Remark 2.2. From $f(\xi) = \frac{T(x, t)-T^{*}}{T_{m}-T^{*}},$ it can be readily seen that $0 < f(0) < 1.$ Furthermore, for arbitrary $\epsilon > 0,$ it can also be shown using classical chain rule on this relation with $\xi = \frac{x}{2\sqrt{\alpha_{0} t}}$ that

$\begin{eqnarray} f^{\prime}(\epsilon) = \frac{2\sqrt{\alpha_{0}t}}{T_{m}-T^{*}}T_{x}(2\sqrt{\alpha_{0}t}\epsilon, t) > 0. \end{eqnarray}$

(2.16)

This gives $0\leq f^{\prime}(0) = \frac{2\sqrt{\alpha_{0}t}}{T_{m}-T^{*}}T_{x}(0, t).$ Using the second equation in Pr.(1.1) we obtain $0\leq f^{\prime}(0) < \frac{2\sqrt{\alpha_{0}}h}{k(T(0, t))}.$ Therefore, from (2.14) we conclude that $\xi_{0} > 0.$

Consequently,

Theorem 2.3. The exact solution of the original Pr.(1.1) is given by

$\begin{eqnarray} T(x, t) = (T_{m}-T^{*})f(\xi; \xi_{0})+T^{*}, \ \xi = \frac{x}{2\sqrt{\alpha_{0} t}} \end{eqnarray}$

(2.17)

subject to the condition (2.14) and the free boundary is given by $s(t) = 2\xi_{0}\sqrt{\alpha_{0}t}.$

2.2. Case 2

Another important case is $L(f(\xi)) = 1+ \delta f(\xi)$ and $N(f(\xi)) = 1$ ^[1]. For this case Pr.(1.5) becomes

$\begin{eqnarray} \left\{ \begin{array}{rcl} \left[(1+ \delta f(\xi))f'(\xi) \right]'+2\xi f'(\xi)& = &Af'(0), \ 0 < \xi < \xi_{0}, \\ (1+ \delta f(0))f'(0) & = &p f(0), \\ f(\xi_{0}) & = & 1, \\ f'(\xi_{0}) & = &\frac{2\xi_{0}}{(1+\delta) Ste}. \end{array} \right. \end{eqnarray}$

(2.18)

A result on the existence and uniqueness of solution to the nonlinear boundary value problem Pr.(2.18) when $A = 0$ was proved in ^[8], where the solution was treated as a Generalized Modified Error.

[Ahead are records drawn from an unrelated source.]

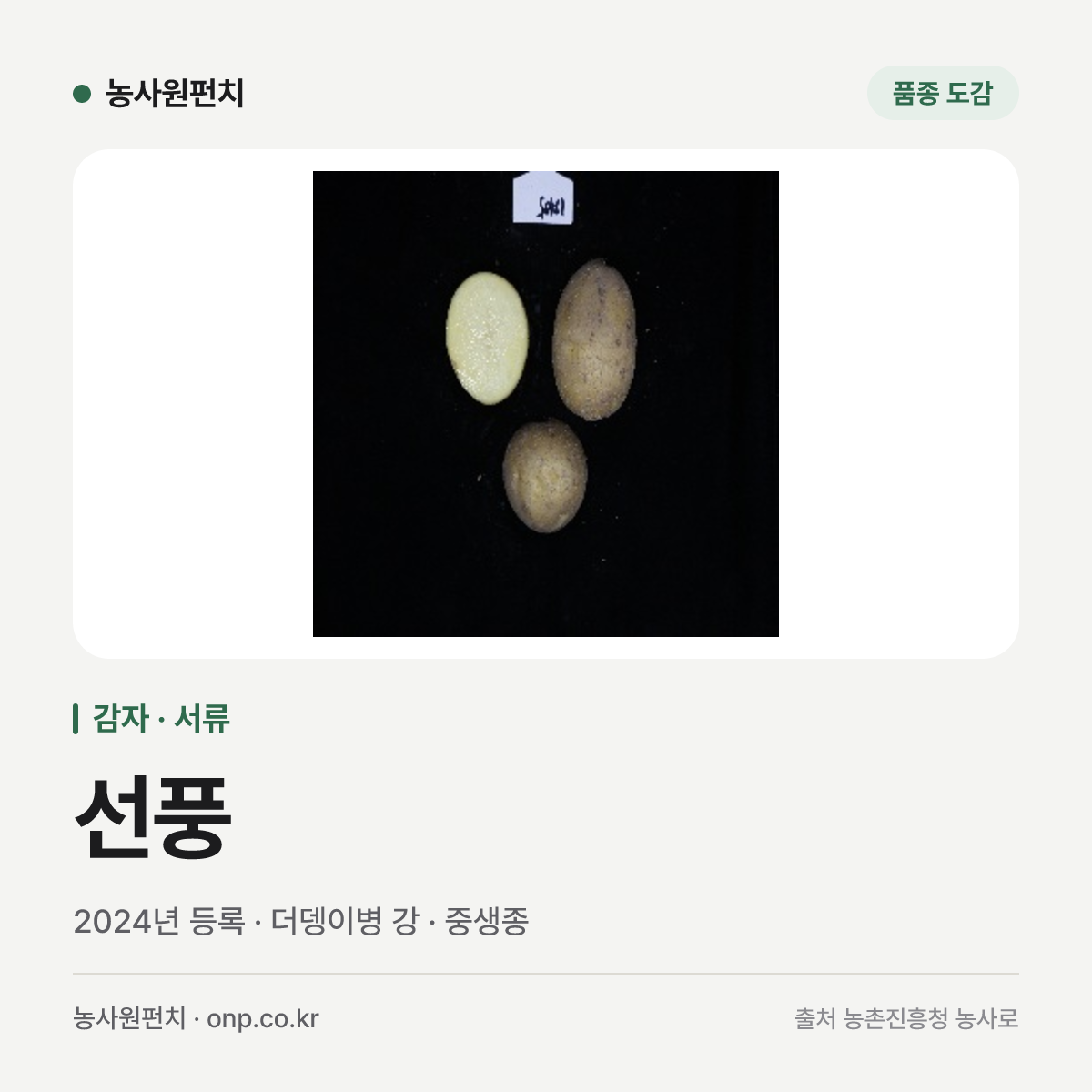 선풍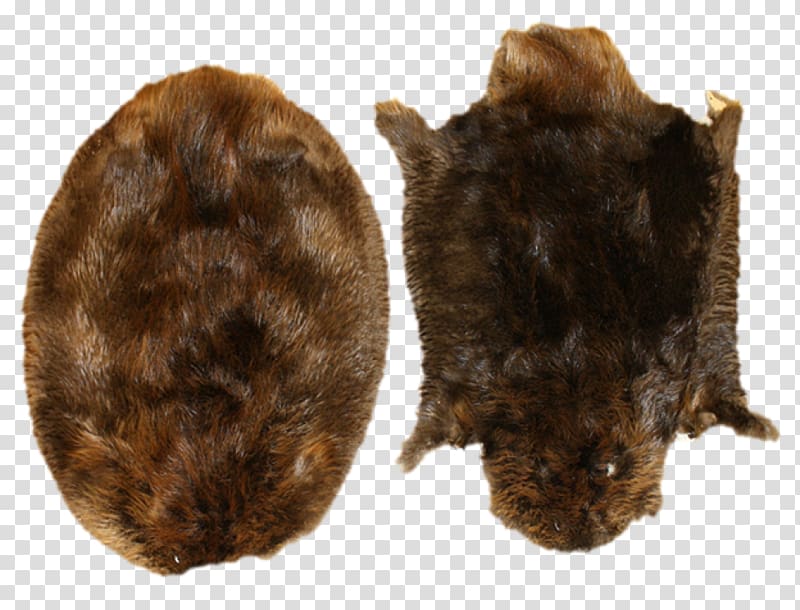 North American beaver Muskrat Fur Rodent Biberfell, beaver transparent background PNG clipart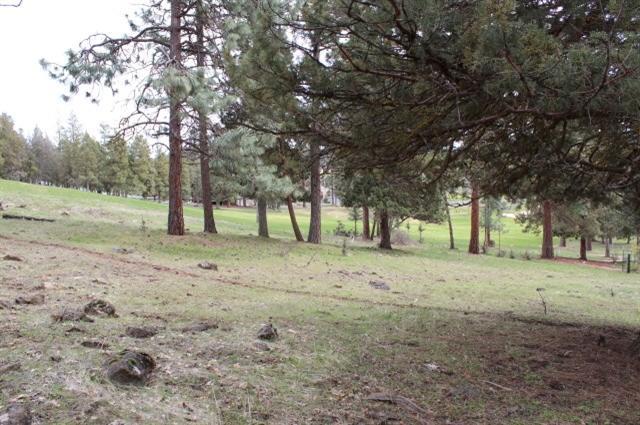 Running YResort - Land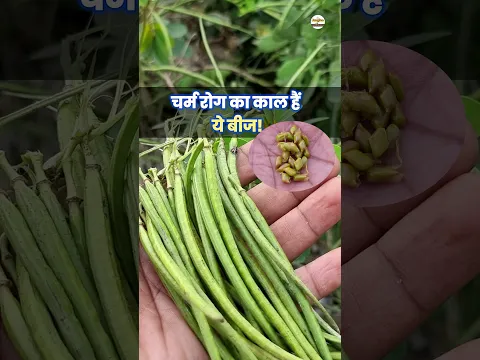 भयंकर दाद खाज का  इलाज! Chakramard Benefitsचक्रमर्द पवाड़ Cassia tora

Writing the nonlinear ODE of Pr.(2.18) as

$\begin{eqnarray} \left((1+\delta f(\xi))(1+\delta f(\xi))'\right)'+2\xi (1+\delta f(\xi))' = Af'(0)\delta, \ 0 < \xi < \xi_{0}. \end{eqnarray}$

(2.19)

The transformation $u(\xi) = (1+\delta f(\xi))^{2}$ leads to

$\begin{eqnarray} u''+2\xi \frac{u'}{\sqrt{u}} = 2 A f'(0)\delta, \ 0 < \xi < \xi_{0} \end{eqnarray}$

(2.20)

subject to the initial-boundary conditions

$\begin{eqnarray} \left\{ \begin{array}{rcl} u'(0) & = &2p(\sqrt{u(0)}-1 ), \\ u(\xi_{0}) & = & (1+\delta)^{2}, \\ u'(\xi_{0})& = &\frac{4\xi_{0}\delta}{Ste}.\\ \end{array} \right. \end{eqnarray}$

(2.21)

2.2.1. Solutions

In the special case $A = 0,$ Eq (2.20) is transformed to a homogeneous equation

$\begin{eqnarray} u''+2\xi \frac{u'}{\sqrt{u}} = 0, \ 0 < \xi < \xi_{0}. \end{eqnarray}$

(2.22)

Consider the following transformation ^[9]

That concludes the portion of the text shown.